Now, USEPA appeals the grant of summary judgment and argues that the district court did not follow the DTE I majority’s remand instructions.
A.
On remand, USEPA re-framed its claims against DTE as noncompliance with particular regulations in an admitted effort to satisfy the DTE I majority’s purported limiting language. That is, USEPA now argues that DTE violated the regulations “in two critical ways.” Apt. Br. at 51. First, USEPA claims that DTE failed to base its predictions on “all relevant information,” required by 40 C.F.R. § 52.21(b)(41)(ii)(a), and ignored its own modeling when claiming that any increase was due to demand increases, in violation of 40 C.F.R. § 52.21(b)(41)(ii)(a). Second, USEPA claims that, in applying the demand growth exclusion, DTE excluded emissions that USEPA believed were related to the project, contrary to § 52.21(b)(41)(ii)(c).
According to the DTE I opinion, this is a legitimate challenge. In fact, this is a far more legitimate challenge than that which the majority opinion condoned in the DTE I appeal. Given the DTE I holding, the district court erred by rejecting this challenge.
B.
USEPA also argues that “[wjhere a source should have expected a project to increase emissions, the work is a major modification and must meet the modification requirements” regardless of “post-project data.” Apt. Br. at 54. USEPA relies on the fact that the DTE I panel “knew that post-project data showed an emissions decrease, and yet ... remanded for further proceedings” anyway; if post-project data were determinative, “there would have been no reason for that remand.” Apt. Rep. Br. at 9-10. This reasoning actually applies throughout.
III.
Based on the foregoing, I conclude that, because we are bound by the DTE I opinion, we must reverse the grant of summary judgment to DTE and remand for reconsideration consistent with that prior opinion. Therefore, I concur in the judgment to REVERSE and REMAND. I do not join any language or analysis that expands or alters the prior opinion.
. In their entirety:
(a) Except as otherwise provided in paragraphs (a)(2)(v) and (vi) of this section, and consistent with the definition of major modification contained in paragraph (b)(2) of this section, a project is a major modification for a regulated NSR pollutant if it causes two types of emissions increases• — a significant emissions increase (as defined in paragraph (b)(40) of this section), and a significant net emissions increase (as defined in paragraphs (b)(3) and (b)(23) of this section). The project is not a major modification if it does not cause a significant emissions increase. If the project causes a significant emissions increase, then the project is a major modification only if it also results in a significant net emissions increase.
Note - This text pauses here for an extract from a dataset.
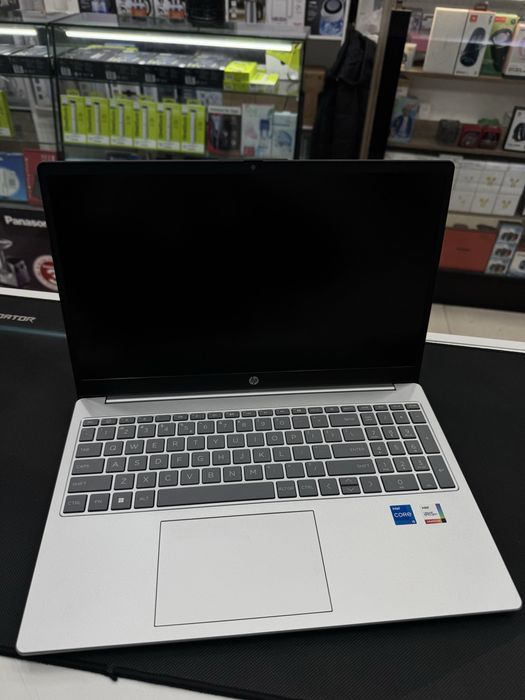 Hp laptop  i5-1334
(b) The procedure for calculating (before beginning actual construction) whether a significant emissions increase (i.e., the first step of the process) will occur depends upon the type of emissions units being modified, according to paragraphs (a)(2)(iv)(c) through (f) of this section. The procedure for calculating (before beginning actual construction) whether a significant net emissions increase will occur at the major stationary source (i.e., the second step of the process) is contained in the definition in paragraph (b)(3) of this section. Regardless of any such preconstruction projections, a major modification results if the project causes a significant emissions increase and a significant net emissions increase.
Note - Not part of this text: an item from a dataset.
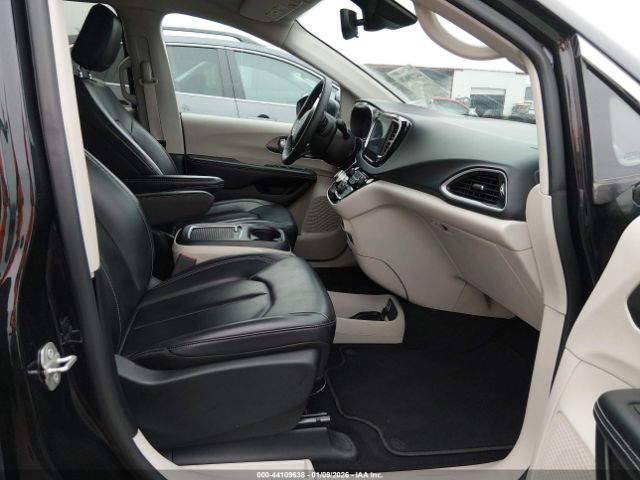 2023 CHRYSLER PACIFICA 2C4RC1BG1PR624663 Photo 4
40 C.F.R. § 52.21 (a)(2)(iv) (emphasis added).
, As I said in that dissent: "It bears repeating that USEPA does not contend that DTE failed to make a projection or failed to follow the regulations.... [I]f USEPA had wanted to challenge an operator’s failure to make a projection or failure to follow the governing regulation ..., that would present different considerations and perhaps result in a different outcome.” DTE I, 711 F.3d at 652 n.2 (Bat-chelder, J., dissenting).